If you want to work around the problem you should be able to convert the float array property values to double array values with the toFloatList Cypher function.

result = session.run("MATCH (n) RETURN toFloatList(n.topological_embedding) as topological_embedding")

and for the label-based loading with pyspark and the Spark Connector you can overwrite the property with the type converted double array value

MATCH (n:Person) SET n.emb = toFloatList(n.emb)

If you do this before reading the Person label with pyspark, it should succeed (assuming our hypothesis is correct).

N.B. "float" in the function name "toFloatList" refers to Cypher floating point type, which is 64 bits. Node2Vec writes 32 bit floating point values for smaller memory footprint. Some languages use "float" for the 32-bit type and "double" for the 64-bit type. Neo4j supports storing both of these types and the Cypher runtime can also handle both. But in the Cypher language there is only a single floating point type and it is 64 bits.

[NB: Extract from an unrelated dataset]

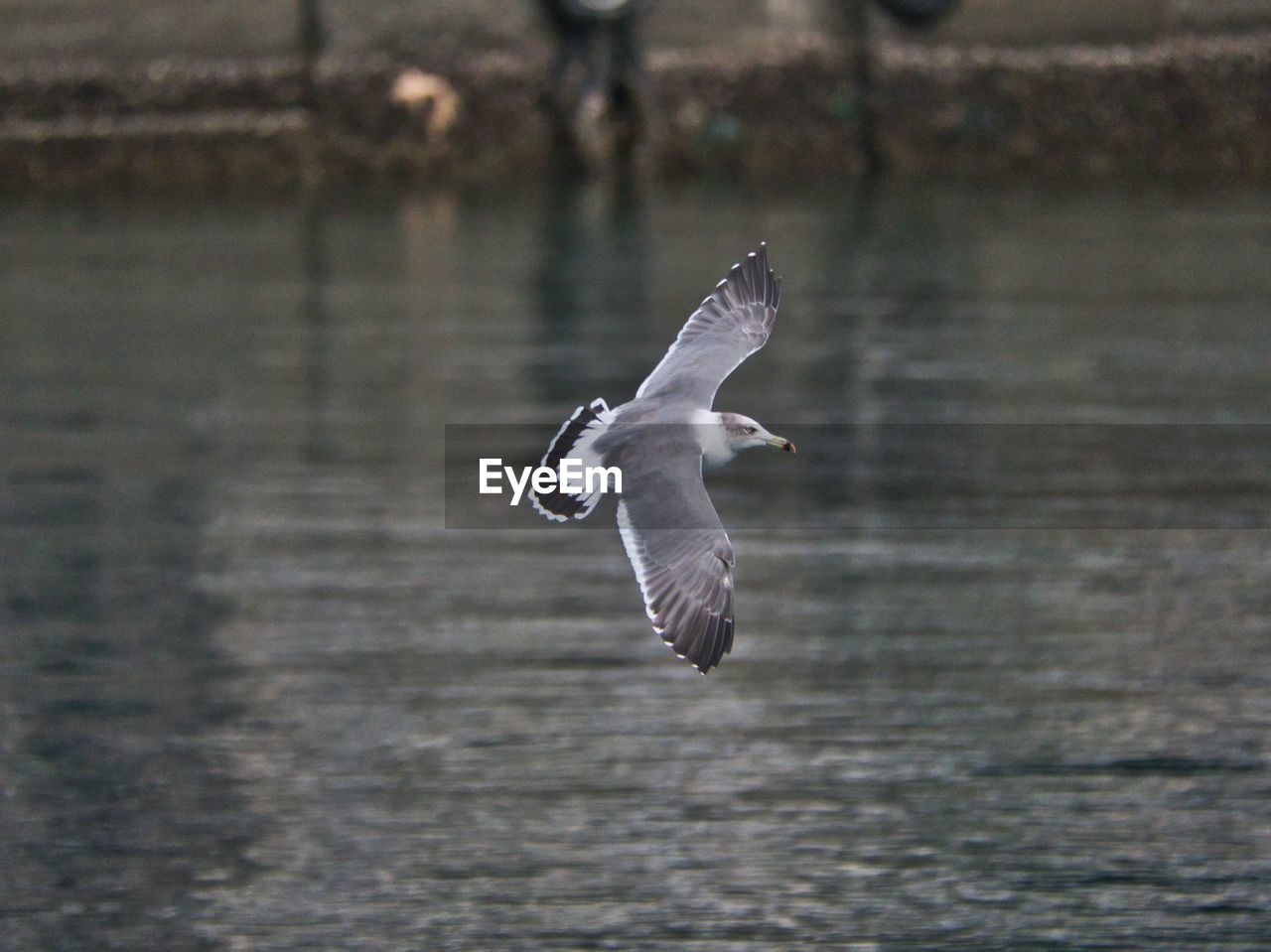 SEAGULLS FLYING OVER LAKE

It's unfortunate the Node2Vec result didn't work to consume via pyspark, hopefully the Connector maintainers can confirm or debunk our hypothesis and address the problem if it is indeed missing support in the Connector.

ali-ince commented 4 days ago

Hello @piotrkan,

Thanks for reporting this. I've tried to reproduce this with your reproducer, but what I get back is always an array<double> with pyspark;

DataFrame[<id>: bigint, <labels>: array<string>, topological_embedding: array<double>, name: string]

with similar results with spark through JVM;

root
 |-- <id>: long (nullable = false)
 |-- <labels>: array (nullable = true)
 |    |-- element: string (containsNull = true)
 |-- topological_embedding: array (nullable = true)
 |    |-- element: double (containsNull = true)
 |-- name: string (nullable = true)

I have one theory though. Is it possible that you have a property named topological_embedding in your graph which is typed as a string? Spark connector derives schema information by performing a sampling, so that's a possible option in my opinion. If that's the case, I suggest you to define your schema beforehand as shown in here.

I'll keep the issue open for a few days until I hear back from you.